Review: A Passage to India by the Genesian Theatre Company, Genesian Theatre, Sydney – Saturday, 15 May, 2021. Reviewed by arts and entertainment editor, Rita Bratovich.
E.M. Forster’s acclaimed 1924 novel A Passage To India is one of enormous geographical and intellectual scope – just the type of challenge relished by the intrepid players of the Genesian Theatre Company.

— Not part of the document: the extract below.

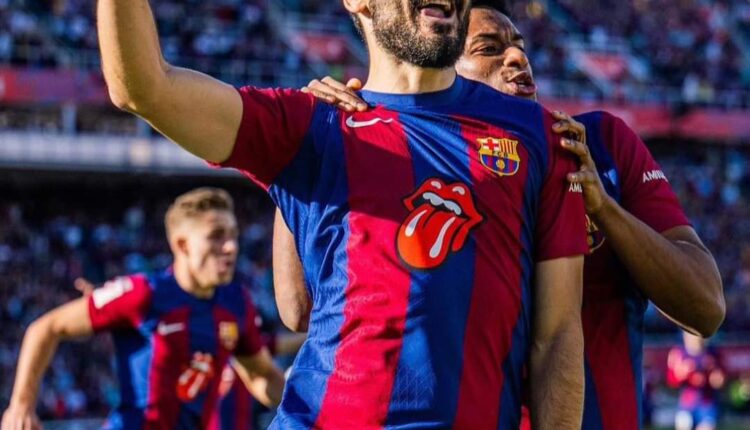 Ilkay Gündogan Could Leave Barcelona Before Transfer Window Closes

In this production, incense burning at the foot of the stage and traditional instruments played by live musicians are two of the effective devices used to immediately set mood and place. Then, when the curtains part, we’re greeted with a set that is minimal (unusual for Genesian productions) yet clever and telling: a large British flag is spread over the floor like a rug; a globe of the world stands at centre stage with small territorial British flags protruding from it; a portrait of King George V hangs on the back wall. It’s a sensory conflict – incense and tabla evoking culture and tradition against the stark visual symbols of colonial rule.
Director Mark G. Nagle, along with assistant director Emma Whitehead and set designer Andrea Tan, recognising the limitations of the stage in depicting the novel’s sprawling landscapes, have employed devices such as lighting, sound and tokens to instead stimulate imagination.
Martin Sherman’s astute adaptation proves that the real story resides in the characters and the political atmosphere around the events.
Mrs Moore (Susan Jordan) is a middle-aged, wealthy English woman who visits her son Ronny (Simon Lee), the local magistrate in Chandrapore, India. Mrs Moore is accompanied by Miss Adela Quested (Christiane New) who is engaged to Ronny. By chance, Mrs Moore meets an Indian, Dr Aziz (Atharv Kolhatkar) in a mosque and they strike up an unlikely friendship.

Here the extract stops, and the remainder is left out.